Feeling My Way Through

"Our grief is proof of how much we have loved." ~ Elizabeth LesserGrief is a sneaky little f*&ker. It comes up again just when you thought you were done with it.

Last night I gobbled half a bag of cheddar popcorn before recognizing that I was indeed stuffing something, and it wasn’t just the popcorn. Oh, hello, grief. It’s you again. Damn.

While my logical (read: ridiculous) brain thinks I should be “done with this already!” I’m doing things a bit differently than I have before. And that means just letting the feelings have their moment, even if those feelings are quite uncomfortable. I’m by myself in a remote cabin in the woods, so there’s no one to hear the ugly cries, but still my first reaction is to resist. And stuff with popcorn.

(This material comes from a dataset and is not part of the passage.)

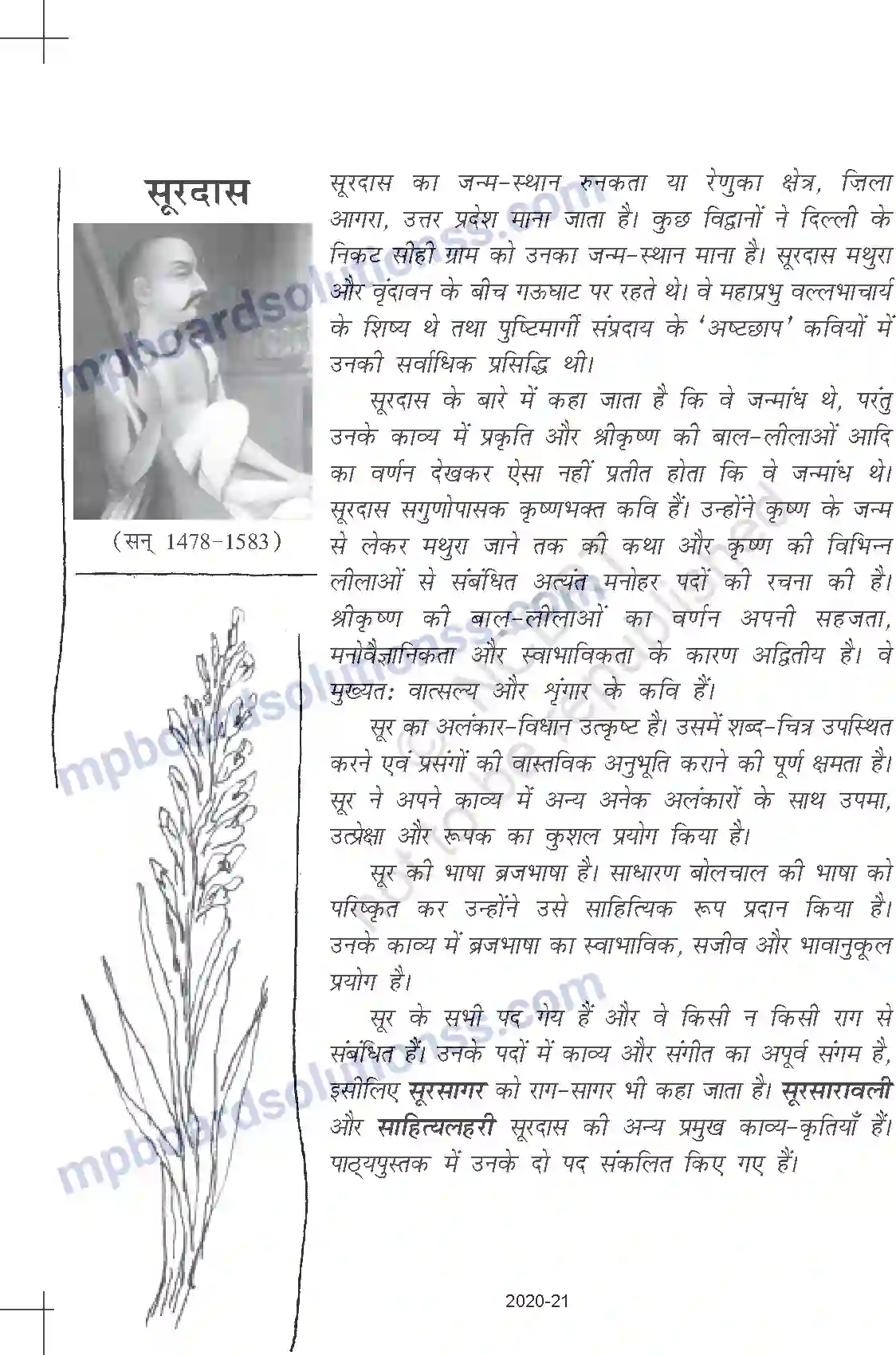 MP Board Book for Class 11 Hindi सूरदास - खेलन में को काको गुसैयाँ Image 1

I put the popcorn down and grabbed a handkerchief and let myself cry. And you know what? I didn’t cry for that long…maybe 15 minutes. And then I took a bath and washed all that unreturned love down the drain. I reclaimed my energy for myself and imagined cutting all the cords that had connected me to that other person. I remembered that I am always surrounded by love.

So I may not be through with grief…it may rear its ugly head again. I may be sitting in a coffee shop with a friend, or listening to the radio, or just remember something that brings back the lump in my throat and the tears to my eyes. As Elizabeth Lesser writes in Broken Open, “our grief is proof of how much we have loved.” And I am proud of my capacity to love.